چكيده به لاتين
In recent decades, the increasing prevalence of metabolic syndrome has become a challenge for global health systems. The economic and clinical burden of this syndrome imposes huge direct and indirect costs on governments and patients annually. In recent years, the application of machine learning algorithms in the field of public health particularly for the prediction and diagnosis of diseases has garnered significant attention. The primary objective of this study is to predict metabolic syndrome in individuals by presenting an analytical approach based on the CRISP-DM methodology (Cross-Industry Standard Process for Data Mining), utilizing ensemble learning algorithms and comparing their performance in predicting and diagnosing metabolic syndrome as well as identifying the most important risk factors.

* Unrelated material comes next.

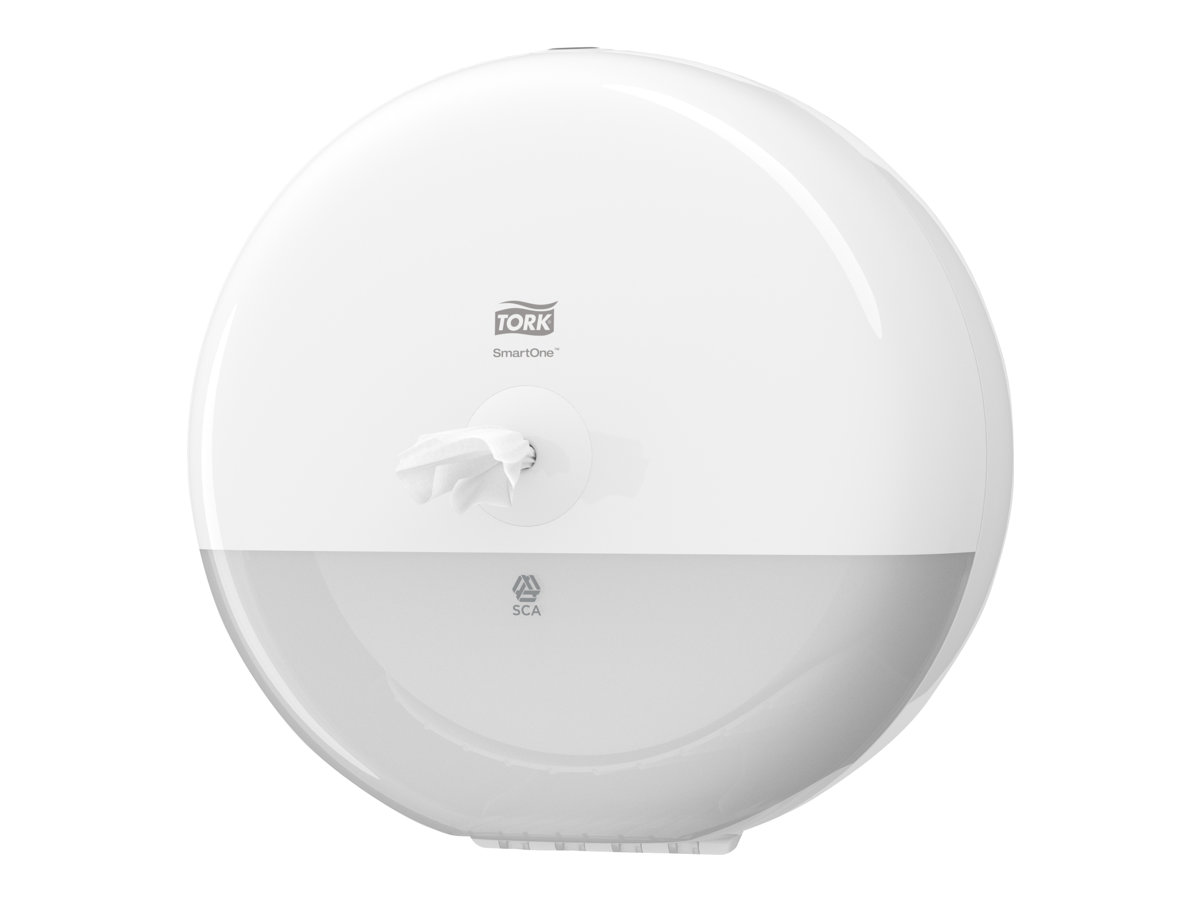 1 Distributeur de papier toilette TORK Smartone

To conduct this research, a dataset representing the U.S. population was employed, which included not only laboratory and clinical measurements but also demographic information (such as sex, race, marital status, and income). Following the data preprocessing phase, the implementation of individual and ensemble machine learning algorithms, and the tuning of optimal parameters through Randomized Search, the results indicated that the Gradient Boosting ensemble algorithm achieved the highest predictive performance with an accuracy of 92.6%, surpassing the results reported in previous studies by 3.2%.
Feature importance analysis revealed that the most influential risk factors for developing metabolic syndrome were elevated blood glucose levels, high triglycerides, increased waist circumference (abdominal obesity), and low HDL cholesterol. Additionally, variables such as the urine albumin-to-creatinine ratio, age, sex, and income also played a significant role. In the descriptive analysis section, high-risk groups were identified, and the potential influence of demographic variables, mental health status, and predominant dietary patterns across different subpopulations on disease development was briefly explored.
The findings of this research not only enable more accurate prediction of metabolic syndrome and identification of high-risk groups but also contribute to enhancing preventive strategies, facilitating early diagnosis, and optimizing healthcare system resources to benefit patients, governments, and public health organizations. Early diagnosis of metabolic syndrome can prevent the occurrence of cardiovascular diseases, diabetes, and kidney failure, lead to reduced hospitalization rates and long-term medical costs, and manage the health systemʹs financial resources more efficiently.